# Algebraic Extensions, vector spaces

Suppose that F/K is an algebraic extension, S is a subset of F with S/K a vector space and $s^n \in S$ for all s in S. I want to show that if char(K) isn't 2, then S is a subfield of F.

Since F/K is algebraic, we know that $\text{span} \lbrace 1,s,s^2,...\rbrace$ is a field for any s in S. Thus, I want to define $E= \bigcup _{s \in S} \text{span} \lbrace 1,s,s^2,...\rbrace$. Since S/K is a v.s., we have $\text{span}\lbrace 1,s,s^2,...\rbrace \subseteq S$ and since E is just a union of subsets of S, $E \subset S$. Also, by the way we defined E, $S \subseteq E$ so E = S.

(E,+) is a group by the fact that S/K is a v.s. Each nonzero element has an inverse in S since $\text{span} \lbrace 1,s,s^2,...\rbrace$ is a field and each s belongs to one of those fileds (so that field would have the inverse of s).

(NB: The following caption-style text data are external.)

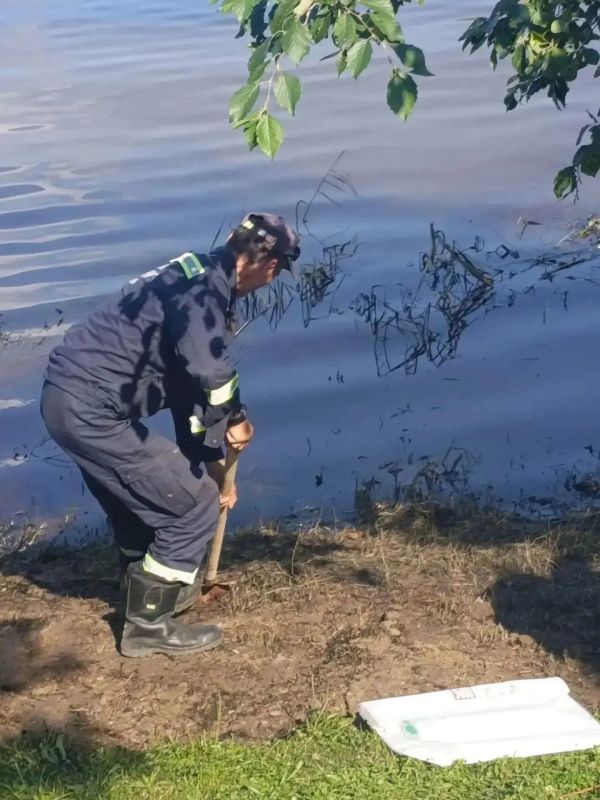Спасатели Пермской городской службы спасения рассказали подробности ликвидации разлива нефтепродуктов на реке Мулянка Спасатели Пермской городской службы спасения рассказали подробности ликвидации разлива нефтепродуктов на реке Мулянка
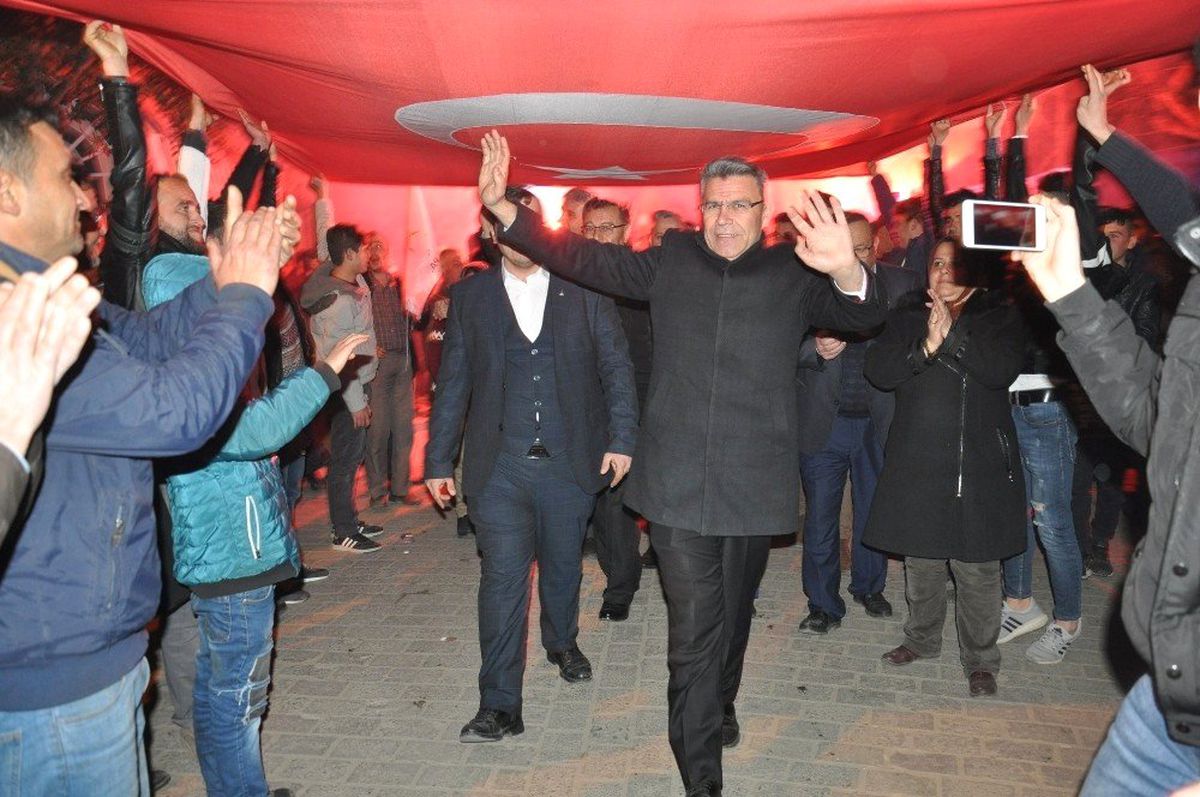 Ak Partili Adayın Köy Ziyareti Mitinge Dönüştü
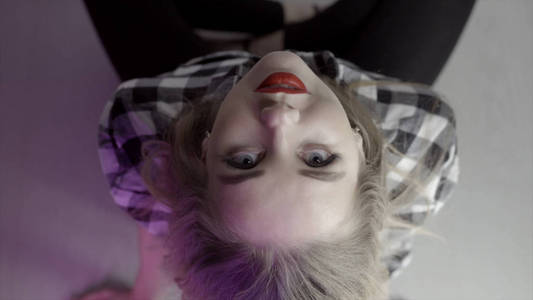 年轻漂亮的女人回头看着楼上的摄像机.直挺挺的女人吓人的样子照片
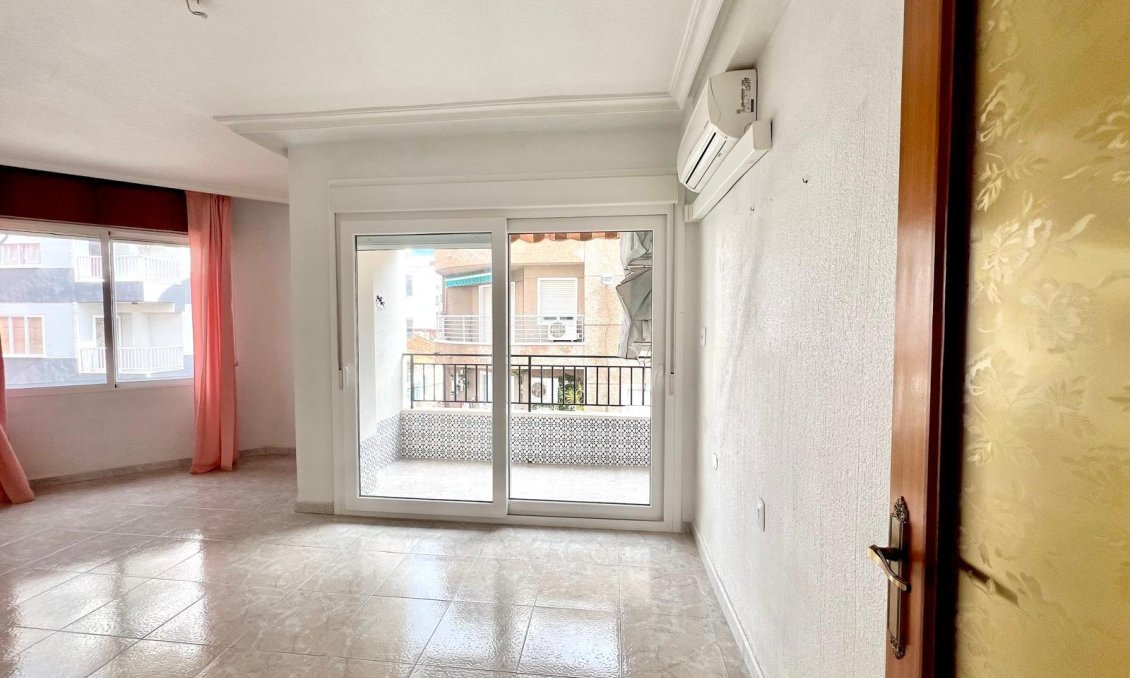 Használt Ingatlanok - Apartman -
Torrevieja - Paseo Maritimo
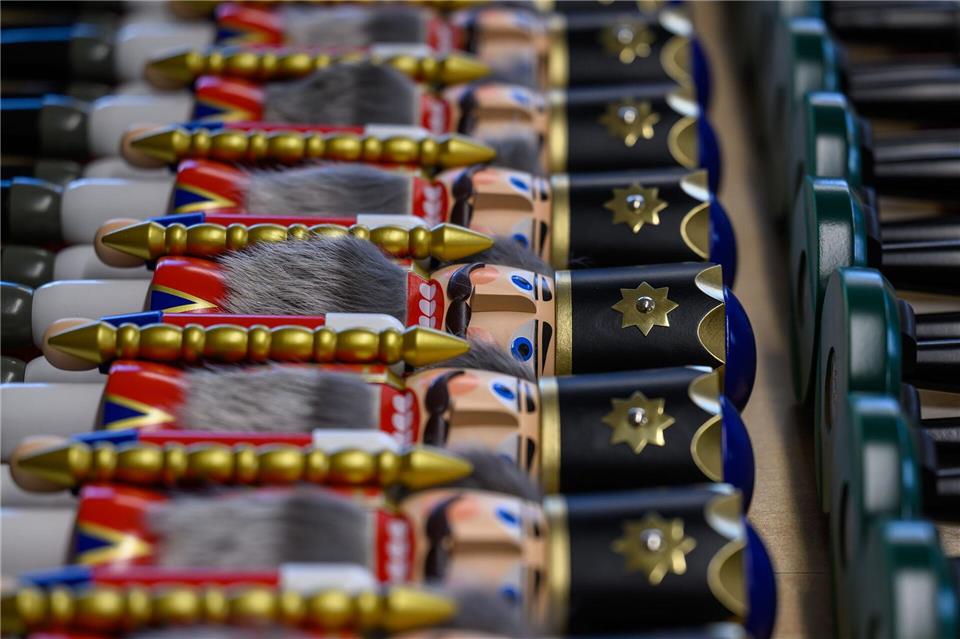 Nachschub fürs Fest: Fertig produzierte Nussknacker liegen in der Schauwerkstatt der Seiffener Volkskunst eG.Hendrik Schmidt/dpa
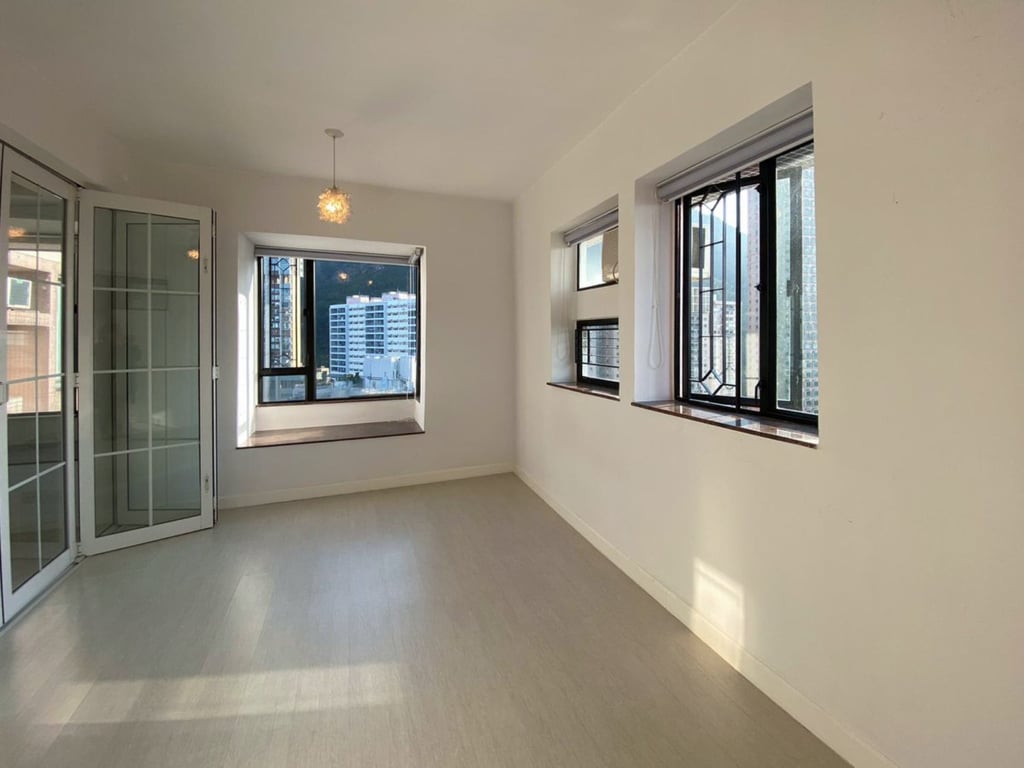 https://img.propertyraptor.com/cdn-cgi/imagedelivery/KD5bF_AFL0JDTbKLWF7z9g/ap8/ap8_001/hornet/prp/img/e14895593a1e1305a48016cd08c03060.jpg/public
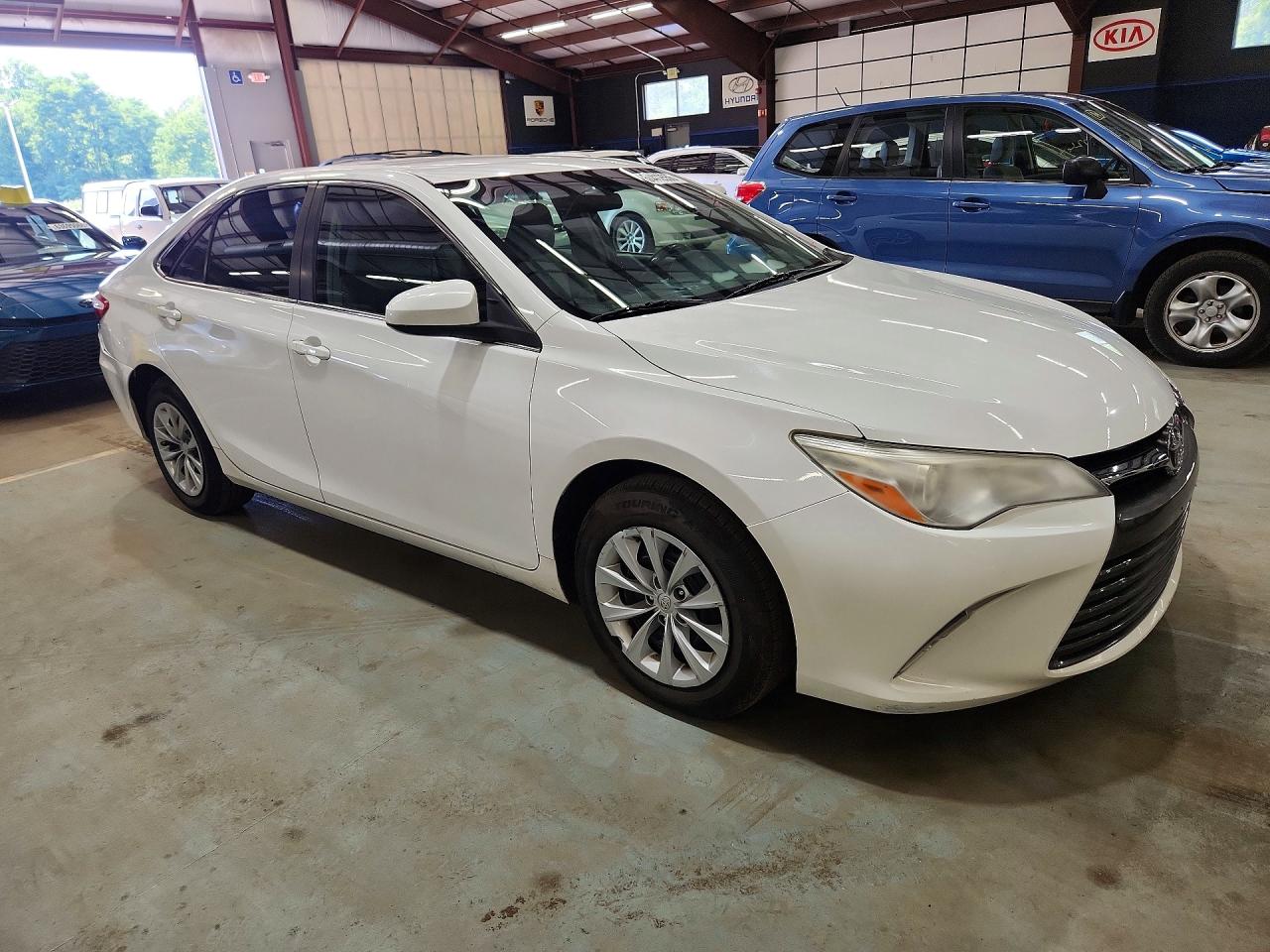 2017 TOYOTA CAMRY LE — снимка 4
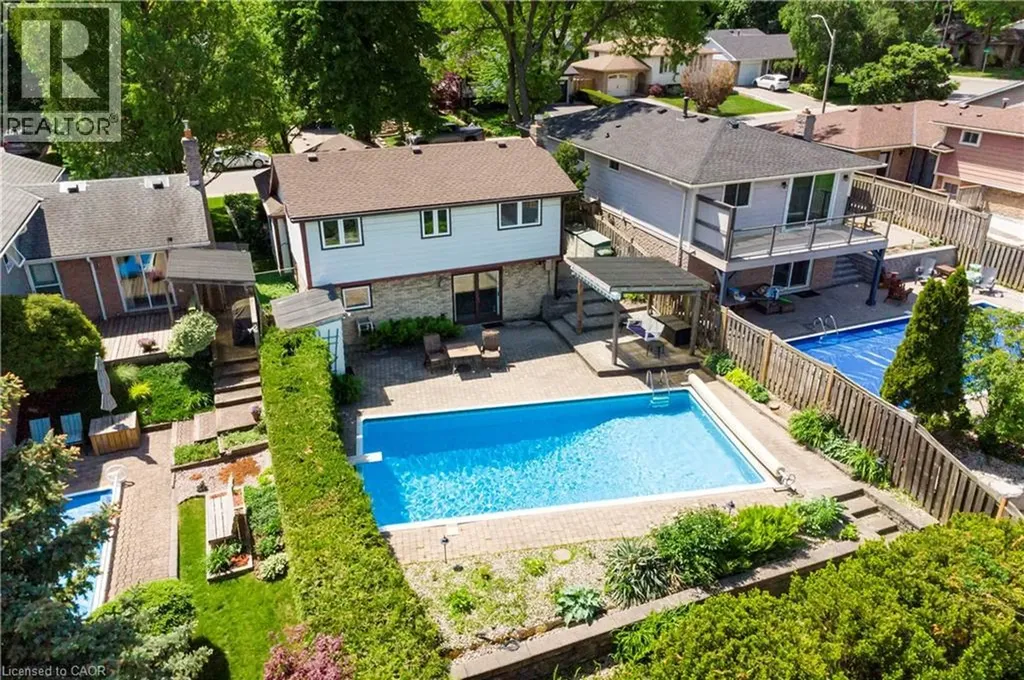 73 Appleford Road Hamilton ON L9C 6B5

The hard part seems to be proving closure of multiplication. Suppose that $s_1 s_2 = s + v$ for $s_1,s_2,s\in S$ and $v\in F$. We have already shown that S contains all inverses, so $s_2 = s_1^{-1} s + s_1^{-1} v \in S$. Whence, $s_1^{-1} v \in S$. Obviously, I want to show that $v\in S$, but progress has stopped at this point.

Any suggestions would be appreciated.

## Answers and Replies

morphism
Science Advisor
Homework Helper
Think about how you can get an expression involving $s_1+s_2$ and $s_1s_2$.

Since S is a v.s., we get $s_1+s_2$ by vector addition.

For $s_1 s_2$ you have to multiply two linear combos in S (whose basis must be a subset of the basis for F/K). If the product of two basis elements of S is again in S, then the product of any two elements of S would be in S.

However, I do not see how to show this.

morphism
Science Advisor
Homework Helper
I'm not sure how to phrase my hint differently, so I apologize if this is giving away too much: Consider $(s_1+s_2)^2$.

Yay. That makes sense why char(K) can't be 2 then.

Thanks a lot... why couldn't I think of that.